_The task_
Write out exactly, and only, the lines below from the line with "Colour photograph showing" through the line with "an old rifle"; pictures do not belong in the copy.

_Records provided_
===============
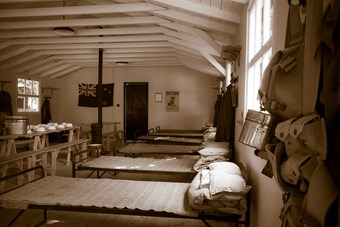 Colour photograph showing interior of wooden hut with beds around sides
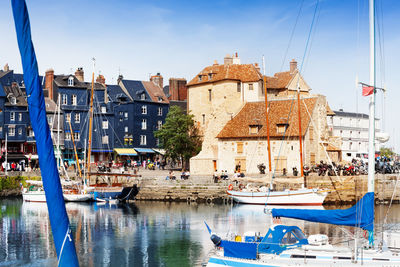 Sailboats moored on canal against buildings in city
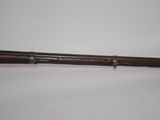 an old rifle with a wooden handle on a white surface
===============
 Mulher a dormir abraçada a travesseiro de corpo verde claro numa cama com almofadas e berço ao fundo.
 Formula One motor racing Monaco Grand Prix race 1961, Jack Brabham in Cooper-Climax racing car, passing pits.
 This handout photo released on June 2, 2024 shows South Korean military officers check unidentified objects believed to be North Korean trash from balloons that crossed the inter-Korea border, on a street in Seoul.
===============
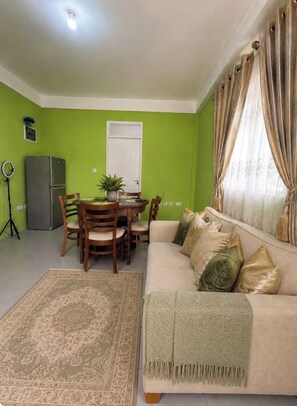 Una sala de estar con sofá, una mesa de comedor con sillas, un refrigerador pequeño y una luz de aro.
===============
_Expected answer_
 Colour photograph showing interior of wooden hut with beds around sides
 Sailboats moored on canal against buildings in city
 an old rifle with a wooden handle on a white surface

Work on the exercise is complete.